==== Source data

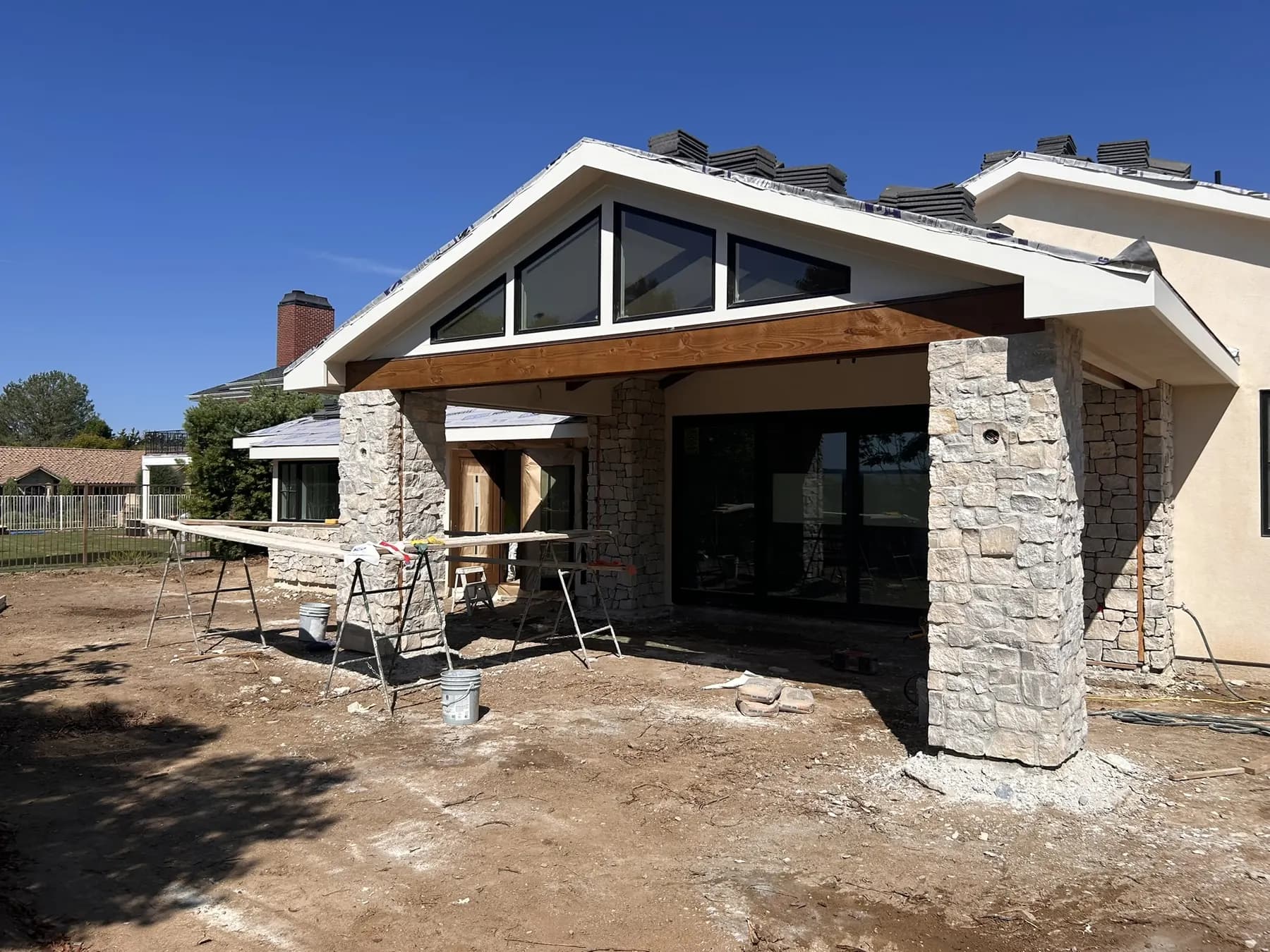 Stone veneer columns and a wood beam framing a home's covered entry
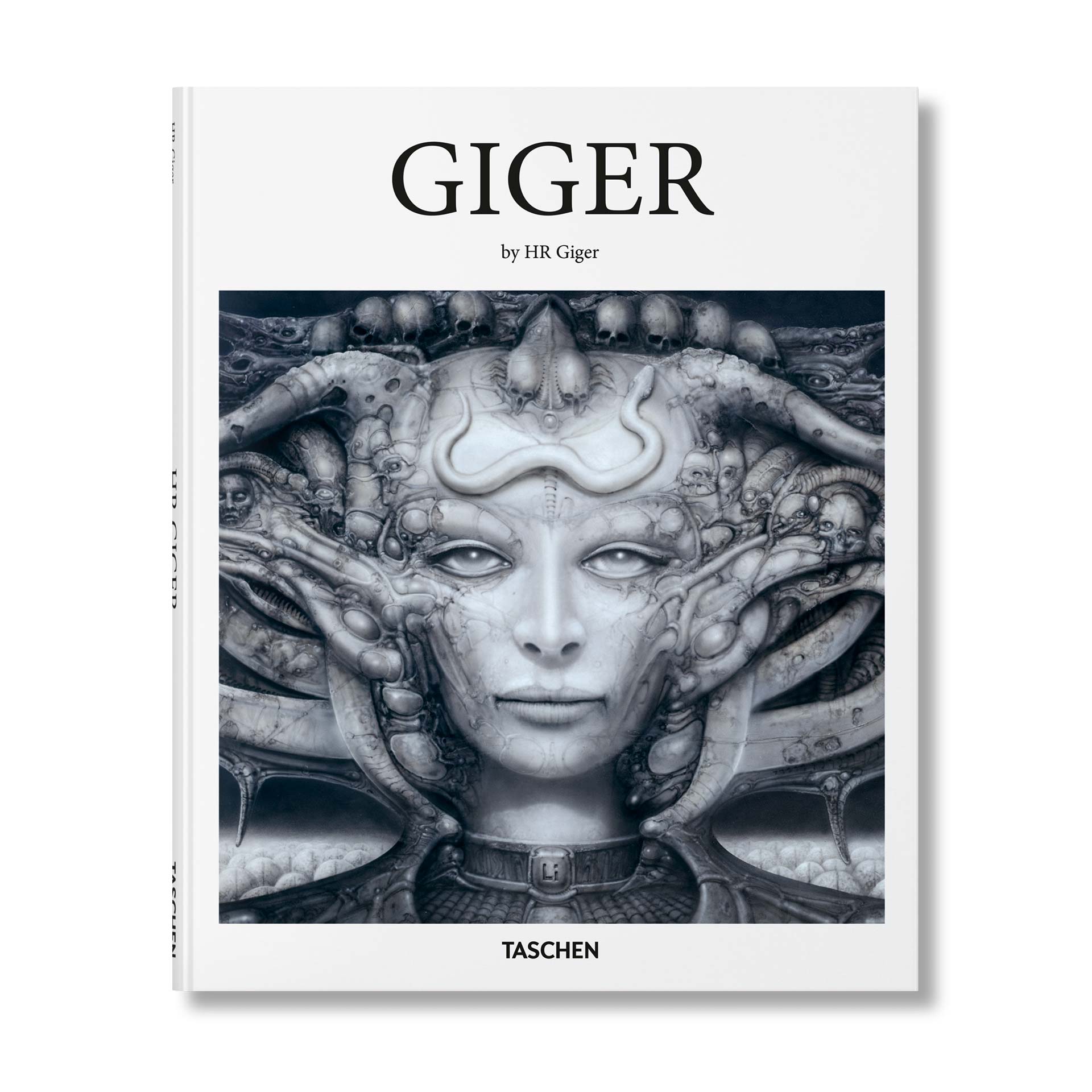 H.R. Giger book cover by TASCHEN featuring a biomechanical female face surrounded by skulls, tubes, and alien forms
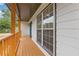 Close-up of the covered front porch featuring a warm wooden deck and supporting columns at 470 Brackin Trce, Grayson, GA 30017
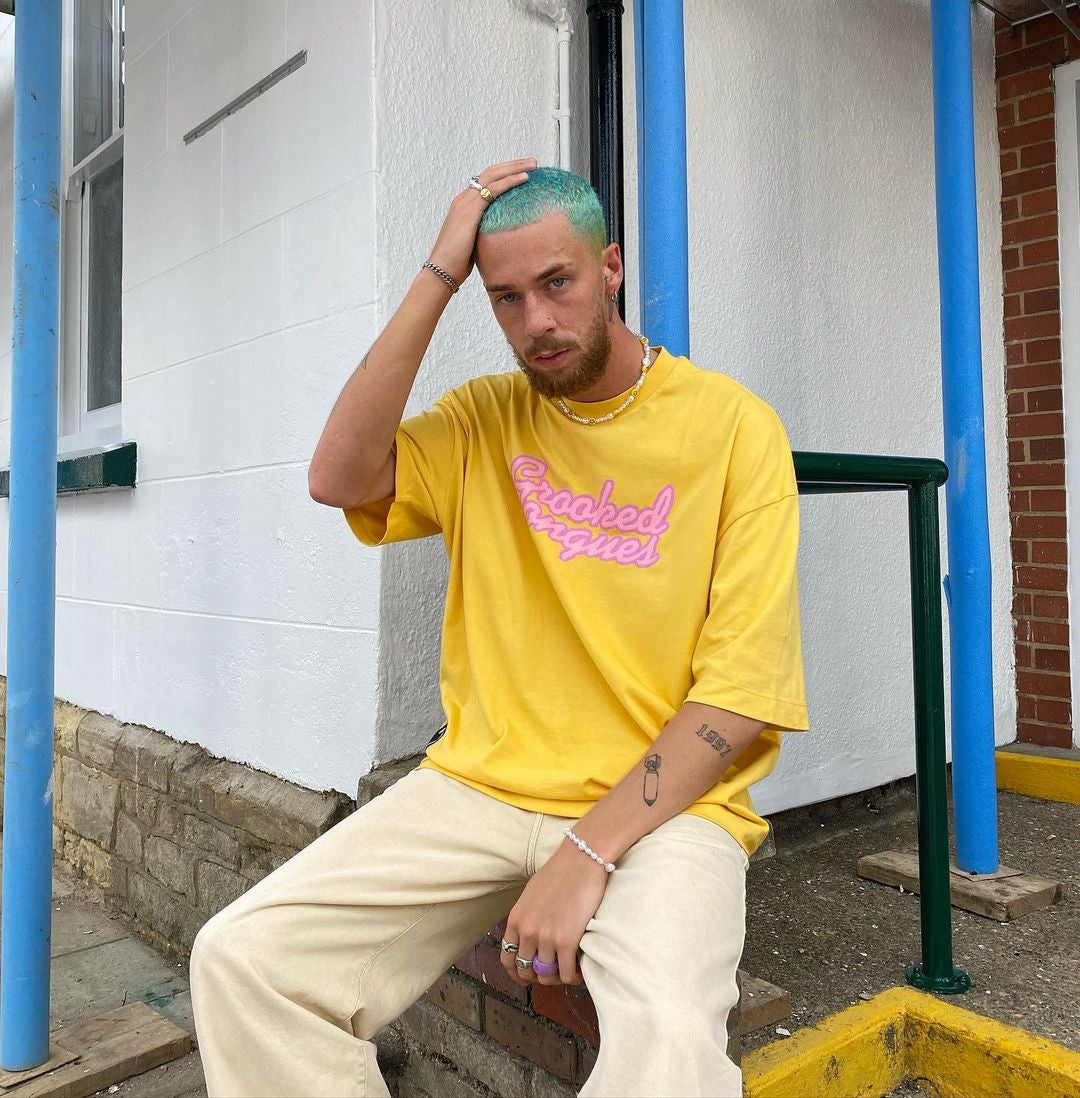 Crazy Color's Person wearing a yellow t-shirt with pink text, sitting on steps outdoors by Afro Beauty Store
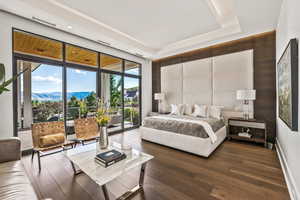 Bedroom featuring dark hardwood / wood-style flooring, a mountain view, a tray ceiling, and access to outside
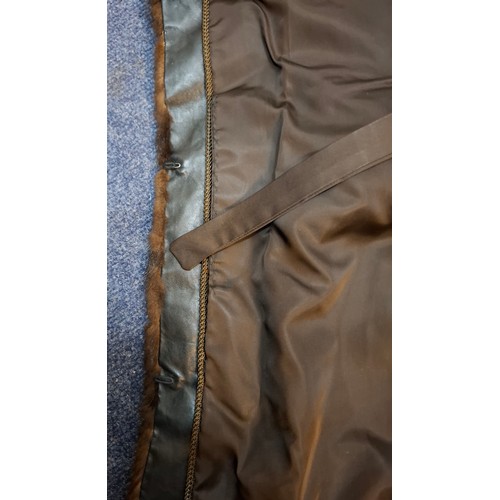 53 - A 1970's dark brown ranch mink coat with matching belt having a shawl collar and tapered waist, appr... 
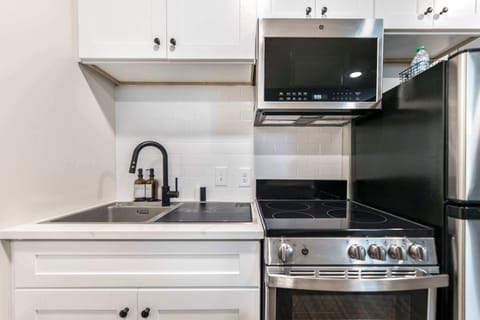 The kitchen includes a 2-in-1 sink dishwasher, as well as a stove/oven, microwave, and refrigerator.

========

Task description:
Leave out the pictures and repeat the lines from the start of the material through the line with "Close-up of the", inclusive.

Solved problem:
 Stone veneer columns and a wood beam framing a home's covered entry
 H.R. Giger book cover by TASCHEN featuring a biomechanical female face surrounded by skulls, tubes, and alien forms
 Close-up of the covered front porch featuring a warm wooden deck and supporting columns at 470 Brackin Trce, Grayson, GA 30017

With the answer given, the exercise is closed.